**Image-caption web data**
--- START ---

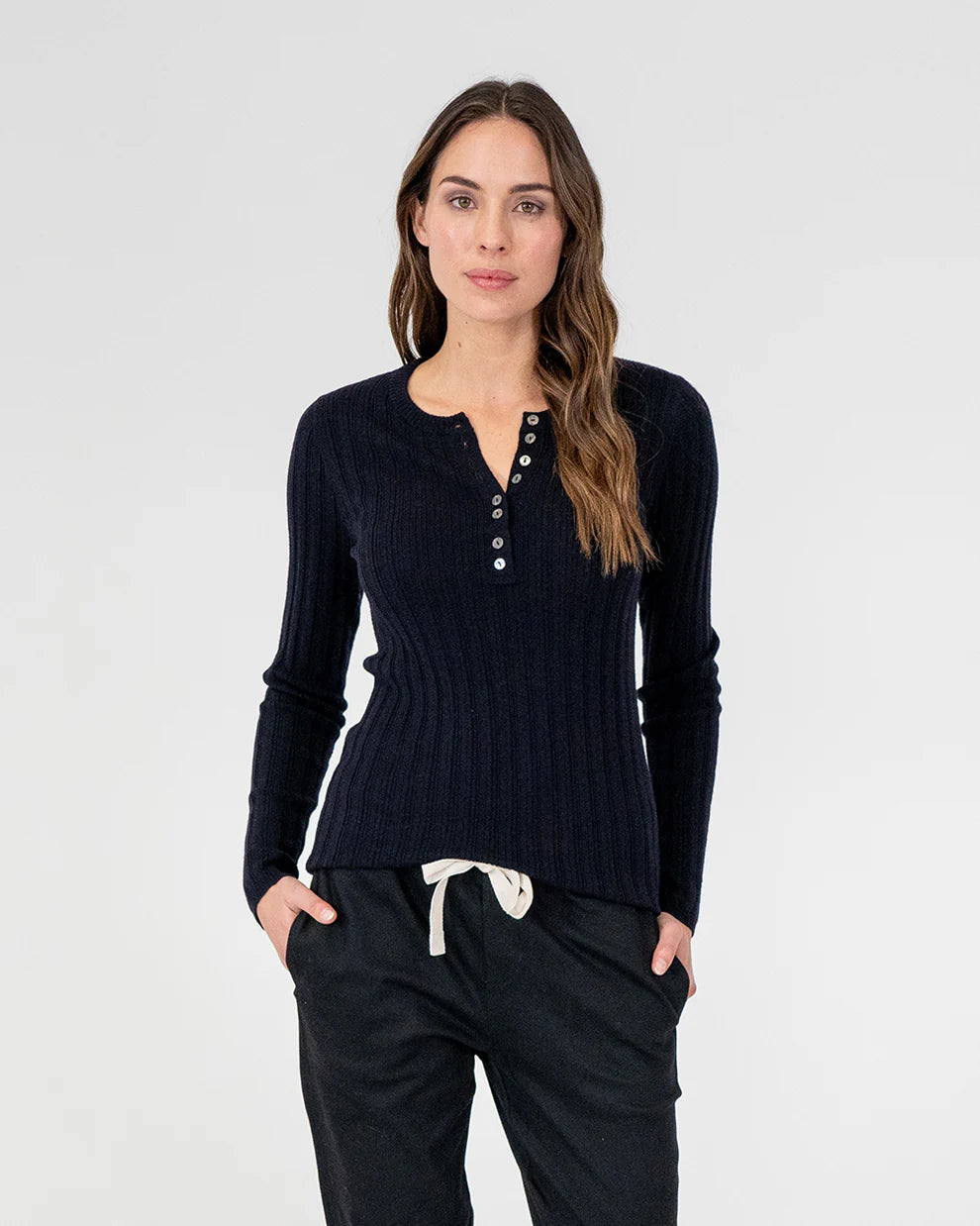 woman wearing Highton Knit Top - Navy and black bottom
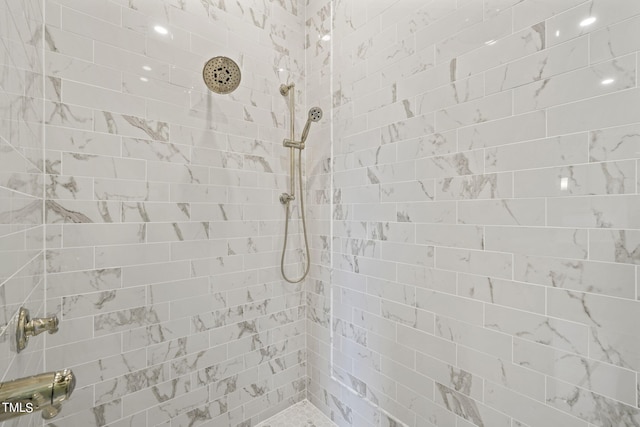 bathroom with tiled shower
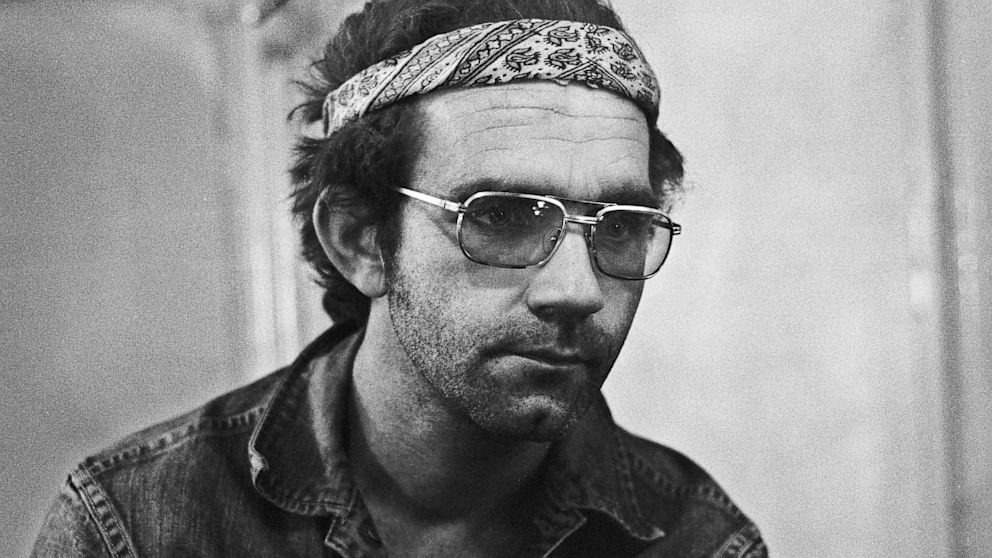 American musician JJ Cale posed backstage at the Carre Theatre, Amsterdam in 1974. 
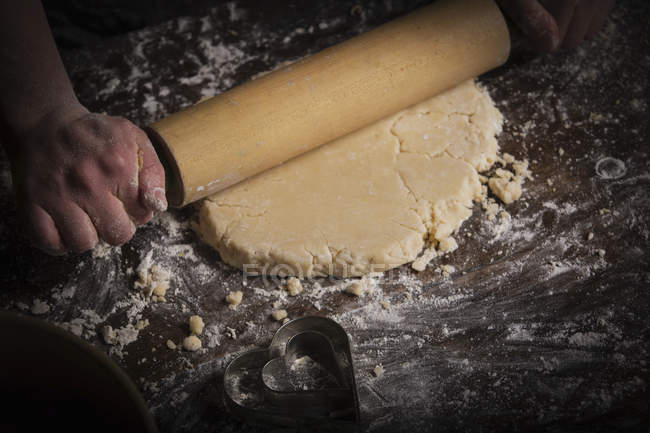 Woman rolling out dough with rolling pin — Stock Photo
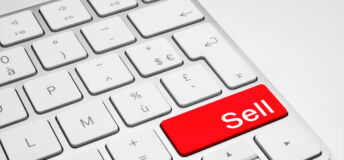 Red Sell button on a white keyboard isolated on a white background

--- END ---

**WORK TO COMPLETE**
The lines from the one containing "American musician JJ" through the last line of the data above are to be transcribed exactly, both included, with all pictures left out.

**ANSWER FOR THE TASK**
 American musician JJ Cale posed backstage at the Carre Theatre, Amsterdam in 1974. 
 Woman rolling out dough with rolling pin — Stock Photo
 Red Sell button on a white keyboard isolated on a white background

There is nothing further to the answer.